No Estado de São Paulo, a taxa de incidência das meningites por pneumococo apresentou pouca variabilidade (1,0 - 1,5/100.000 habitantes) no período de dez anos. Não se observou variação significativa em relação à letalidade, permanecendo em torno de 28% e 29% no período observado (figura 4). Quanto à faixa etária de maior risco de adoecer e letalidade observadas, concentram-se nos menores de 1 ano de idade, seguida de faixas mais extremas (idosos).

Figura 4
Meningites por Streptococcus pneumoniae: incidência e letalidade,
Estado de São Paulo, 1990 a 2004

Fonte: Sinanw/DDTR /CVE
dados em 8/4/2005

Os pneumococos podem ser classificados em mais de 90 sorotipos baseados nas diferenças químicas e imunológicas de suas cápsulas polissacarídicas. A imunidade ao pneumococo se inicia logo após a colonização da nasofaringe, porém, por induzir uma imunidade sorotipo específica, o individuo pode ser acometido por várias infecções pneumocócicas no decorrer da vida. As cápsulas polissacarídicas de pneumococo são, portanto, os componentes vacinais das vacinas disponíveis no mercado. Como a prevalência dos sorotipos de pneumococo varia por região geográfica e faixa etária, a vigilância laboratorial do pneumococo em uma região, contemplando os sorotipos mais prevalentes, é fundamental para introdução de medidas preventivas, assim como o  monitoramento da resistência antimicrobiana como guia para o tratamento empírico.

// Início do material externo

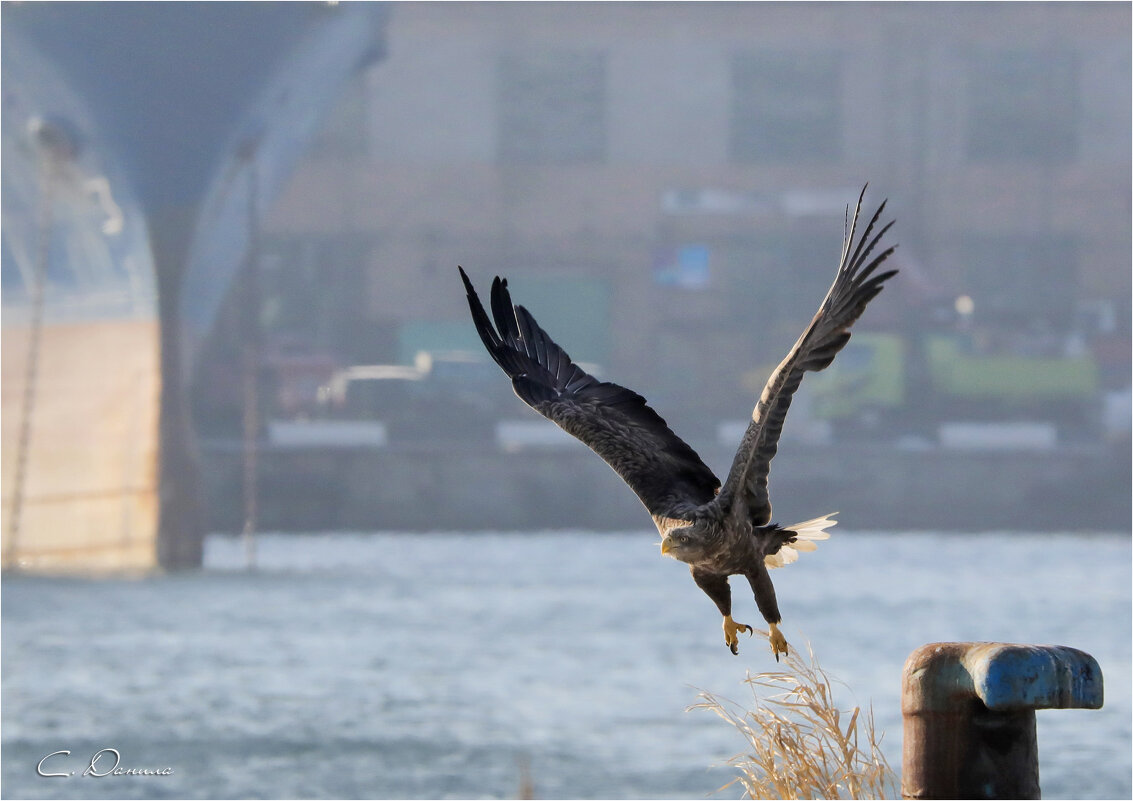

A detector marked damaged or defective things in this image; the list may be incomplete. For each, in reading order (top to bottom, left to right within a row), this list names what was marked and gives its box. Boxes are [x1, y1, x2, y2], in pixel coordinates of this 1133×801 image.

O Projeto Sireva-Vigia (Sistema Regional de Vacinas), patrocinado pela Organização Pan-Americana de Saúde (Opas), possibilita a vigilância laboratorial do pneumococo no âmbito da América Latina. No Brasil, o Sireva foi instituído em 1993, por meio de parceira entre o Ministério da Saúde (Secretaria de Vigilância em Saúde – SVS) e hospitais públicos e privados, coordenado tecnicamente pelo Instituto Adolfo Lutz de São Paulo.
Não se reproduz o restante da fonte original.